> [Required work]:
The full listing, exactly as written and with no images, is the expected output.

> [Dataset excerpt]:
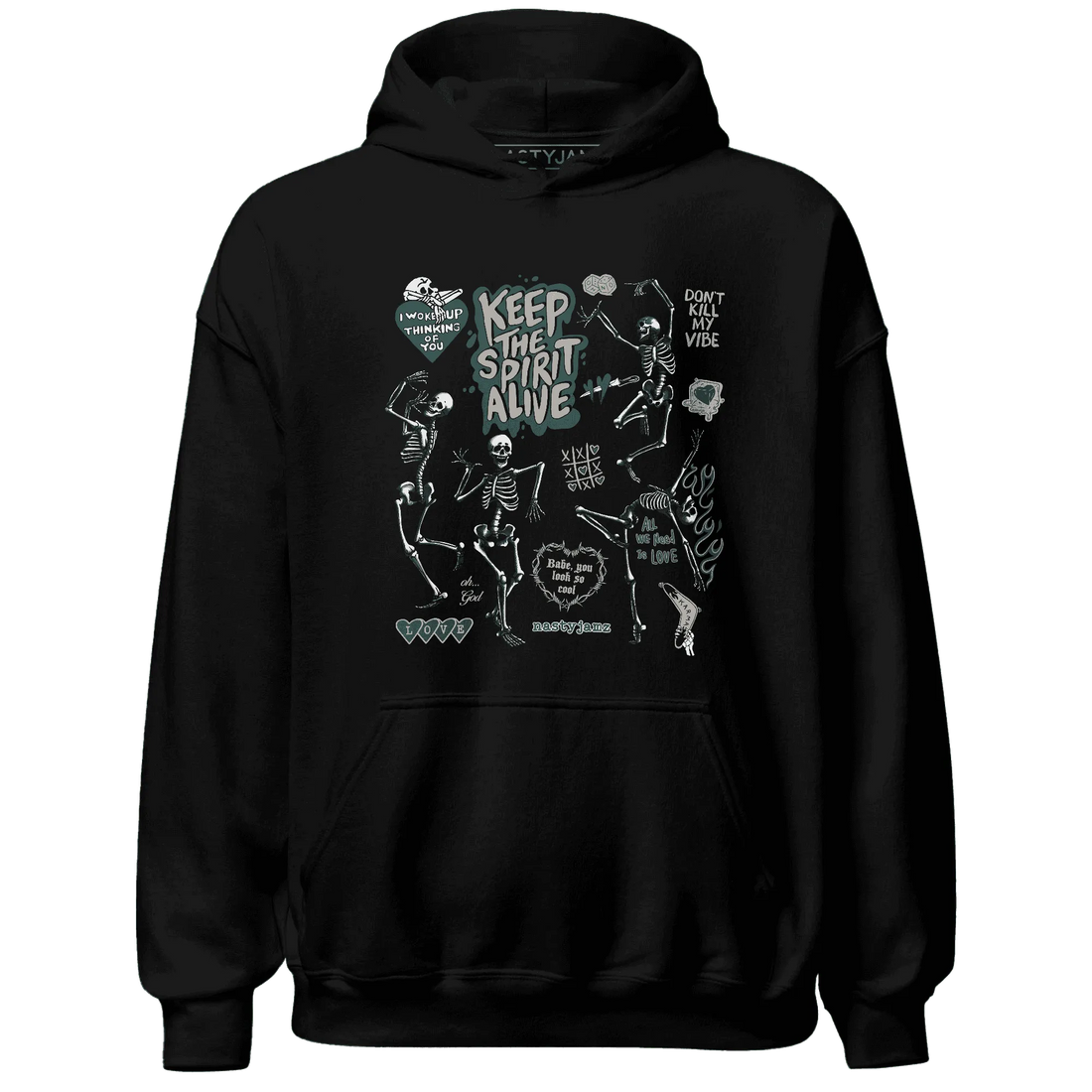 Oxidized-Green-4s-NastyJamz-Hoodie-Match-Keep-The-Spirit-Alive
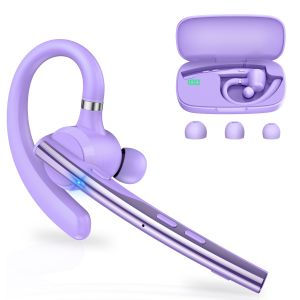 New Bee | New Bee M54 Wireless Bluetooth Headset Headphone Noise Cancelling Earpiece Dual-Mic Mute Handsfree Earphones for Girls Office
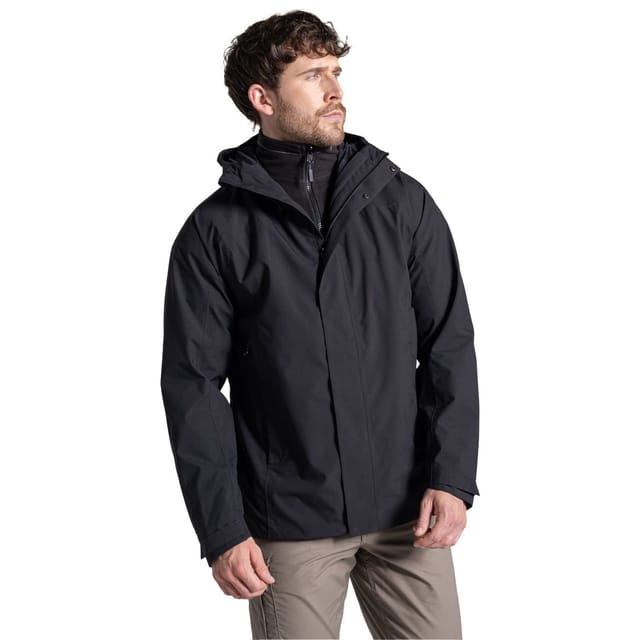 Craghoppers Craghoppers Men's Basecamp 3 in 1 Jacket in Black - 3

> [Response below]:
 Oxidized-Green-4s-NastyJamz-Hoodie-Match-Keep-The-Spirit-Alive
 New Bee | New Bee M54 Wireless Bluetooth Headset Headphone Noise Cancelling Earpiece Dual-Mic Mute Handsfree Earphones for Girls Office
 Craghoppers Craghoppers Men's Basecamp 3 in 1 Jacket in Black - 3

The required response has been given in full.